TFLSTM-33
┏━━━┳━━━━━━━━━━━━━━━━━━━━━━━━━━┳━━━━━━━━━━━━━━━━━━━━━━┳━━━━━━━━┓
┃ ┃ Name ┃ Type ┃ Params ┃
┡━━━╇━━━━━━━━━━━━━━━━━━━━━━━━━━╇━━━━━━━━━━━━━━━━━━━━━━╇━━━━━━━━┩
│ 0 │ criterion │ WeightedMSELoss │ 0 │
│ 1 │ model │ TransformerLSTMModel │ 4.3 M │
│ 2 │ model.encoder_grn │ GatedResidualNetwork │ 199 K │
│ 3 │ model.decoder_grn │ GatedResidualNetwork │ 199 K │
│ 4 │ model.encoder │ LSTM │ 1.1 M │
│ 5 │ model.decoder │ LSTM │ 1.1 M │
│ 6 │ model.transformer_blocks │ ModuleList │ 1.8 M │
│ 7 │ model.output_head │ Linear │ 257 │
└───┴──────────────────────────┴──────────────────────┴────────┘
Trainable params: 4.3 M
Non-trainable params: 0
Total params: 4.3 M
Total estimated model params size (MB): 17
TransformerLSTM with same parameters as TFLSTM-32 but with masking of padded sequences.

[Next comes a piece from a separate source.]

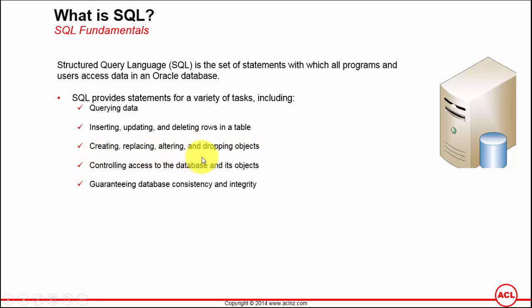Creating, replacing, altering, and dropping objects. SQL is not only used for querying data but also for creating objects for storing the data or objects using which you can access the data. For example, creating new tables for storing data, creating views that are based on tables, or replacing views with newer versions.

We see a much poorer training loss evolution thanks to packing RNN sequences, but the validation loss is not as much affected. This is likely due to the model not learning the padded values, which could be much of the decoder input tensor with the large randomize_seq_len bounds (180 to 1020 real sample length).
Note that as compared to TFLSTM-18, this run is on only 1 GPU with the same (single GPU) batch size of 64.